**What you have to do:**
Your answer must be the records below, printed exactly.

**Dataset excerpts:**
──────
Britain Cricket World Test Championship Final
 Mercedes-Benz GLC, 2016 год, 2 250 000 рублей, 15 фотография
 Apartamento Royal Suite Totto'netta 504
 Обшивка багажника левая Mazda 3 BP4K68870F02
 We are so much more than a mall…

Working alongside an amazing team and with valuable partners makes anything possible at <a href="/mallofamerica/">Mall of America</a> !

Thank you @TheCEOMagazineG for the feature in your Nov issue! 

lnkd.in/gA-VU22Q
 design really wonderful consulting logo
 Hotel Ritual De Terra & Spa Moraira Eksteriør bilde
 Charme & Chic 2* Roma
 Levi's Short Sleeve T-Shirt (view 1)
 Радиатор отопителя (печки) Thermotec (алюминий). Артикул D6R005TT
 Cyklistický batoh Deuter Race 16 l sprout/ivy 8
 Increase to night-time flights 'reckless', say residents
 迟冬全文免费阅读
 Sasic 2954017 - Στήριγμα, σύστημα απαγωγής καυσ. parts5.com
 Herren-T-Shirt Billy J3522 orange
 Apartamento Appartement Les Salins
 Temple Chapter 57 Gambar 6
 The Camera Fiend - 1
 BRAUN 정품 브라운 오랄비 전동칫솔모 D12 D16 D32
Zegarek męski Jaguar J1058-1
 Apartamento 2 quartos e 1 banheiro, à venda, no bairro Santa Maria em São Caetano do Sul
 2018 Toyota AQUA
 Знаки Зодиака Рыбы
──────
**Output for this exercise:**
Britain Cricket World Test Championship Final
 Mercedes-Benz GLC, 2016 год, 2 250 000 рублей, 15 фотография
 Apartamento Royal Suite Totto'netta 504
 Обшивка багажника левая Mazda 3 BP4K68870F02
 We are so much more than a mall…

Working alongside an amazing team and with valuable partners makes anything possible at <a href="/mallofamerica/">Mall of America</a> !

Thank you @TheCEOMagazineG for the feature in your Nov issue! 

lnkd.in/gA-VU22Q
 design really wonderful consulting logo
 Hotel Ritual De Terra & Spa Moraira Eksteriør bilde
 Charme & Chic 2* Roma
 Levi's Short Sleeve T-Shirt (view 1)
 Радиатор отопителя (печки) Thermotec (алюминий). Артикул D6R005TT
 Cyklistický batoh Deuter Race 16 l sprout/ivy 8
 Increase to night-time flights 'reckless', say residents
 迟冬全文免费阅读
 Sasic 2954017 - Στήριγμα, σύστημα απαγωγής καυσ. parts5.com
 Herren-T-Shirt Billy J3522 orange
 Apartamento Appartement Les Salins
 Temple Chapter 57 Gambar 6
 The Camera Fiend - 1
 BRAUN 정품 브라운 오랄비 전동칫솔모 D12 D16 D32
Zegarek męski Jaguar J1058-1
 Apartamento 2 quartos e 1 banheiro, à venda, no bairro Santa Maria em São Caetano do Sul
 2018 Toyota AQUA
 Знаки Зодиака Рыбы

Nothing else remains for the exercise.